• AIM OF THE EXERCISE:
The span to repeat in the listing below runs from the line containing "Heart Reiki Energy,F927" to the line containing "Elvinia™ | Cárdigan", inclusive. Repeat it exactly, and only it.

• RECORD EXTRACTS:

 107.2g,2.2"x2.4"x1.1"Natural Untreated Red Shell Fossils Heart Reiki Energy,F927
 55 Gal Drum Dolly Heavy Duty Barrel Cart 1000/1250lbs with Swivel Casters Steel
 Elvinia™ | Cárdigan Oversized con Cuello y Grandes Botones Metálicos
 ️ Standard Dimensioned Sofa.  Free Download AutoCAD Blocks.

--

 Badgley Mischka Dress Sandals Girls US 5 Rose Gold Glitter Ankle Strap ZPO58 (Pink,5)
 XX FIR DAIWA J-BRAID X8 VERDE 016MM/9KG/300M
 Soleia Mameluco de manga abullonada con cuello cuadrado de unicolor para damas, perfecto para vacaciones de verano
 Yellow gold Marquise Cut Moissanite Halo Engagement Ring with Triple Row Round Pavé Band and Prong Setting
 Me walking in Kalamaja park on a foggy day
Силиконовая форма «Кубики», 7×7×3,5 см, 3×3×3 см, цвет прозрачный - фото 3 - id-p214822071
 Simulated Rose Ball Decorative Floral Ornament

• TASK SOLUTION:
 107.2g,2.2"x2.4"x1.1"Natural Untreated Red Shell Fossils Heart Reiki Energy,F927
 55 Gal Drum Dolly Heavy Duty Barrel Cart 1000/1250lbs with Swivel Casters Steel
 Elvinia™ | Cárdigan Oversized con Cuello y Grandes Botones Metálicos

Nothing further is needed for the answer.